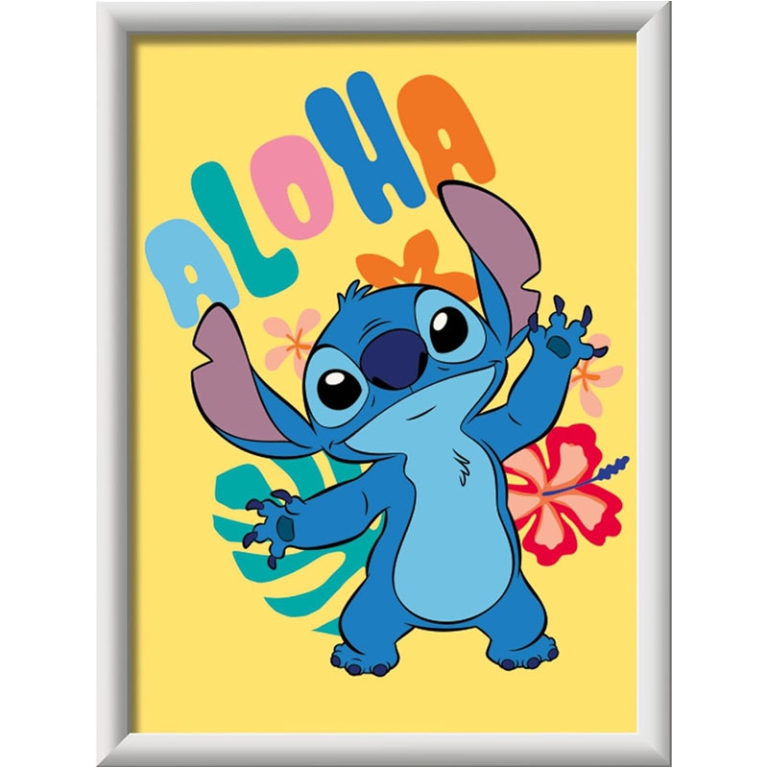 CREART ALOHA STITCH 18X13CM 2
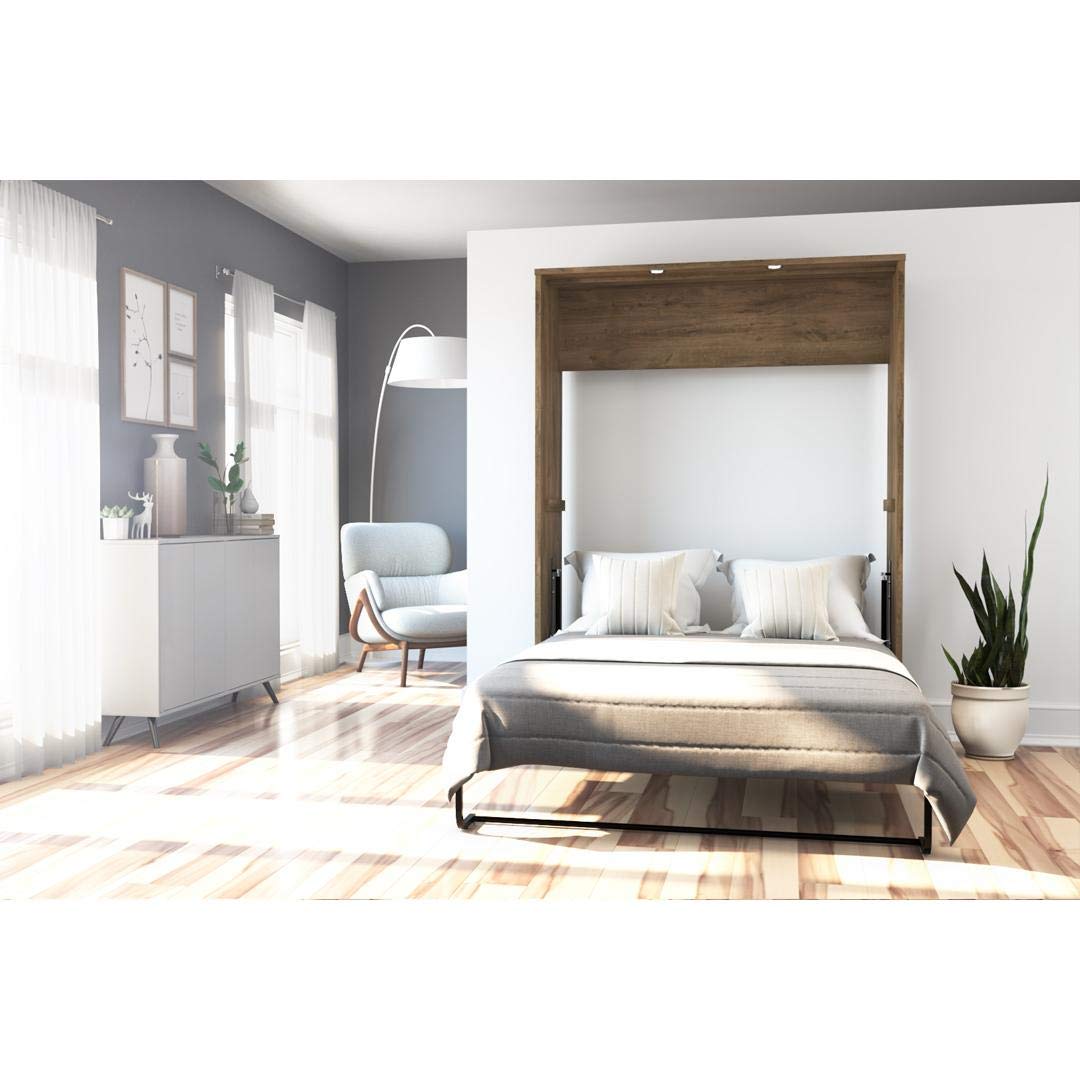 Amazon.com: Bestar - Cama de pared completa - Cielo: Kitchen ...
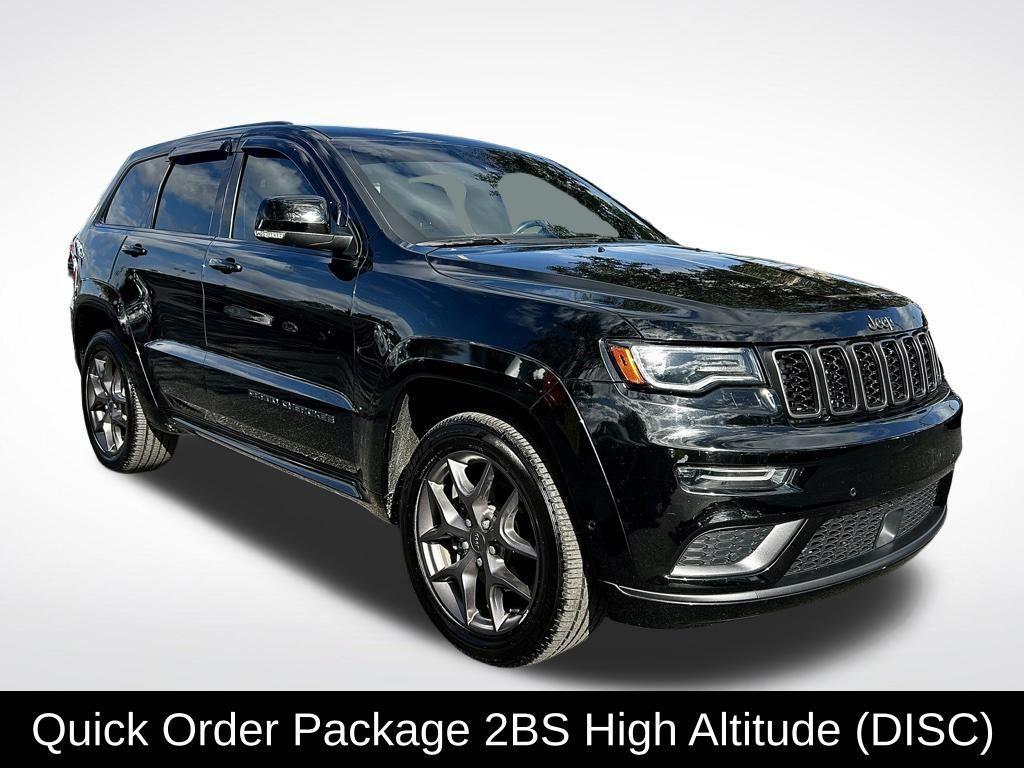 used 2018 Jeep Grand Cherokee car, priced at $24,999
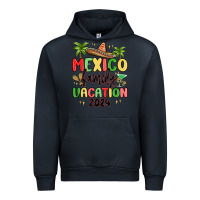 Navy mexico family vacation 2024 Urban Hoodie - MaliasSmallBusiness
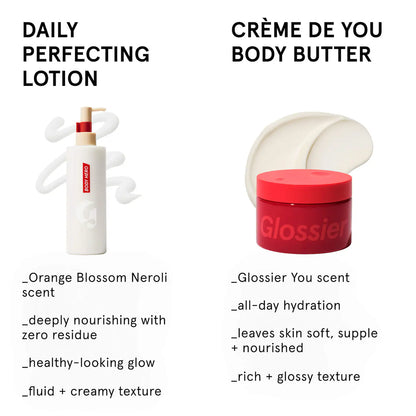 Pre-orden: Glossier | Daily Perfecting Nourishing Lotion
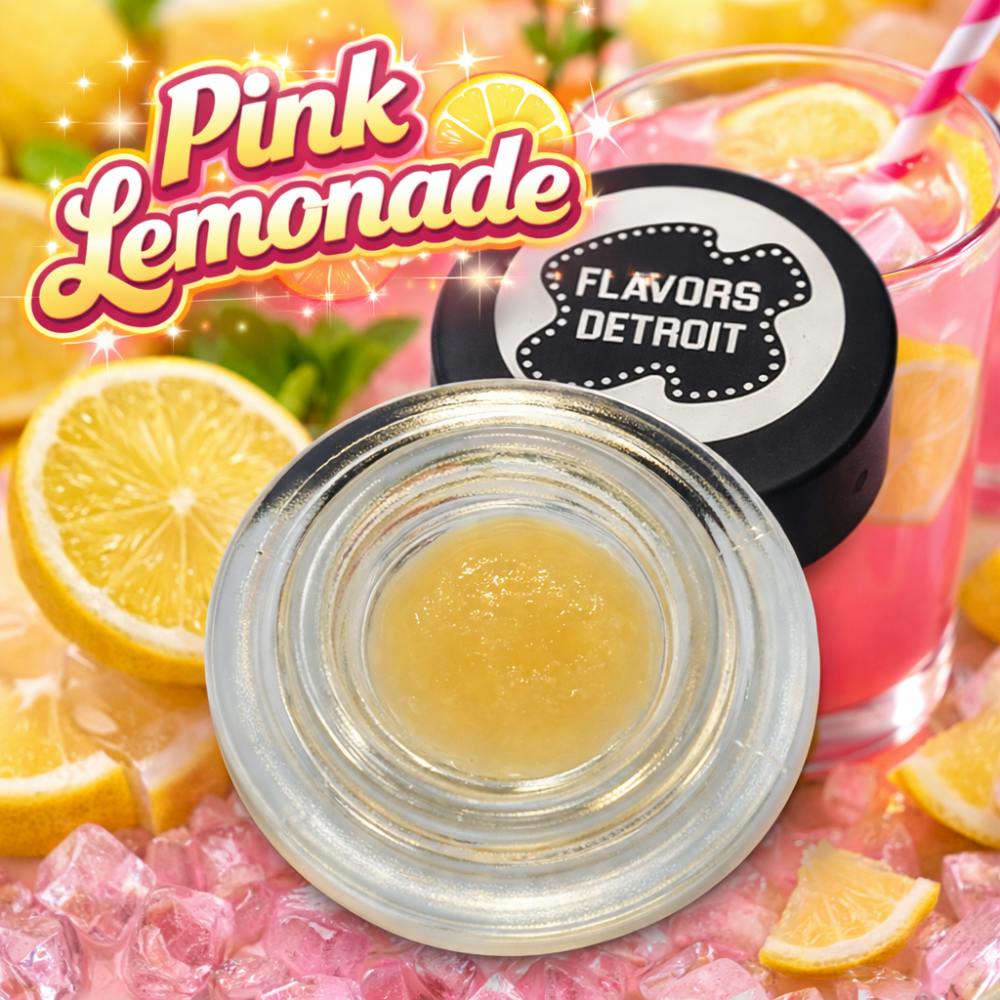 Flavors 1G Cured Sugar Batter - Pink Lemonade (H/S) at Flavors Detroit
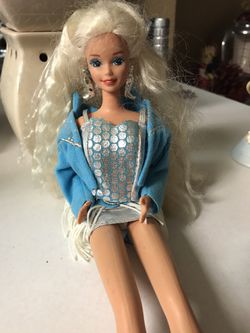 Barbie Doll Blonde, Long Hair, Mattel 1976 Marked Cowgirl for Sale in Brooksville, FL - OfferUp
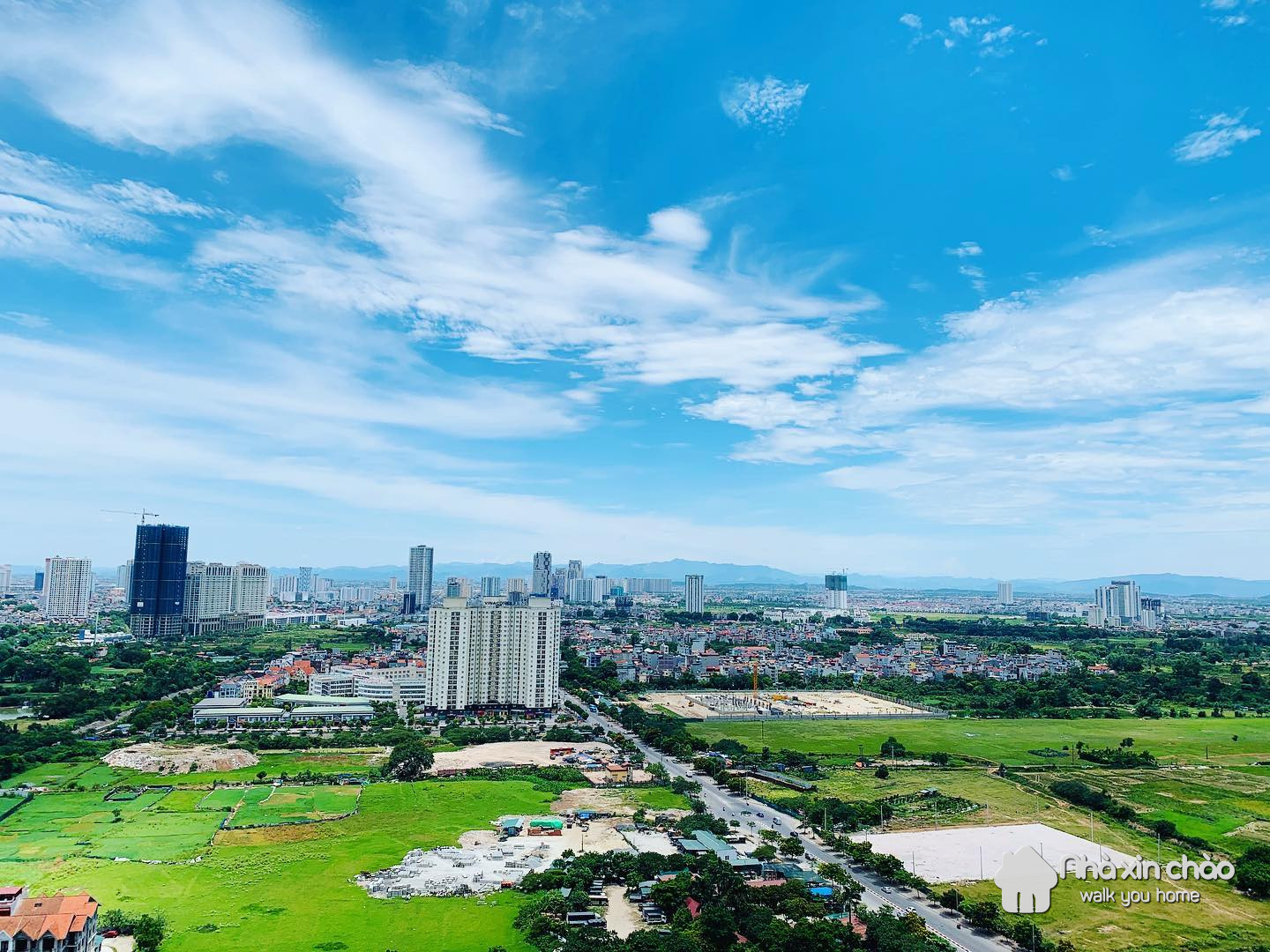 Cho thuê căn hộ 2PN Vinhomes Green Bay – Giá 14.5 Tr/th – Mã NXC93794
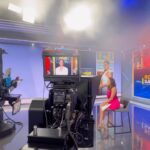 Roselyn Sánchez Instagram - Gracias @primerimpacto por invitarme! Recuerden nuestra cita este domingo a las 7pm/6C por @univision @miraquienbaila 💕💕💕💕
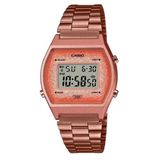 Relógio Casio Feminino Digital B640wcg-5df Glitter Vintage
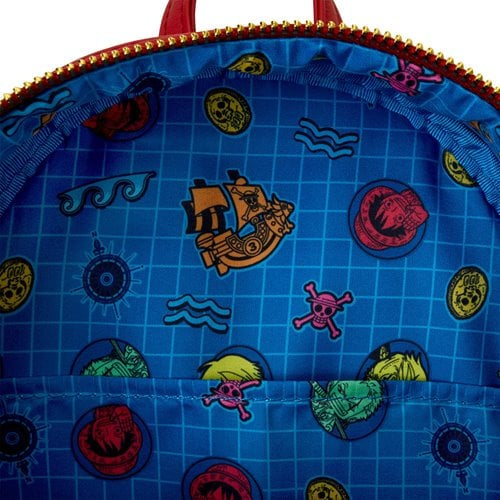 Loungefly - One Piece Straw Hat Pirates Mini-Backpack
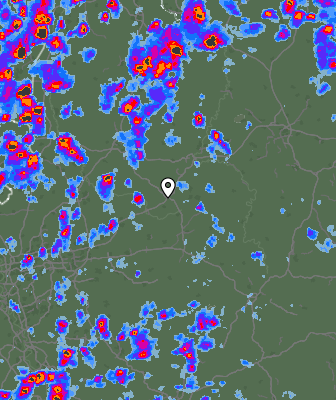 Regenradar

## Exercise description
From the line with "Amazon.com: Bestar - Cama" down to the last line of the entries above, set down every line exactly, apart from the pictures.

## Response for this exercise
 Amazon.com: Bestar - Cama de pared completa - Cielo: Kitchen ...
 used 2018 Jeep Grand Cherokee car, priced at $24,999
 Navy mexico family vacation 2024 Urban Hoodie - MaliasSmallBusiness
 Pre-orden: Glossier | Daily Perfecting Nourishing Lotion
 Flavors 1G Cured Sugar Batter - Pink Lemonade (H/S) at Flavors Detroit
 Barbie Doll Blonde, Long Hair, Mattel 1976 Marked Cowgirl for Sale in Brooksville, FL - OfferUp
 Cho thuê căn hộ 2PN Vinhomes Green Bay – Giá 14.5 Tr/th – Mã NXC93794
 Roselyn Sánchez Instagram - Gracias @primerimpacto por invitarme! Recuerden nuestra cita este domingo a las 7pm/6C por @univision @miraquienbaila 💕💕💕💕
 Relógio Casio Feminino Digital B640wcg-5df Glitter Vintage
 Loungefly - One Piece Straw Hat Pirates Mini-Backpack
 Regenradar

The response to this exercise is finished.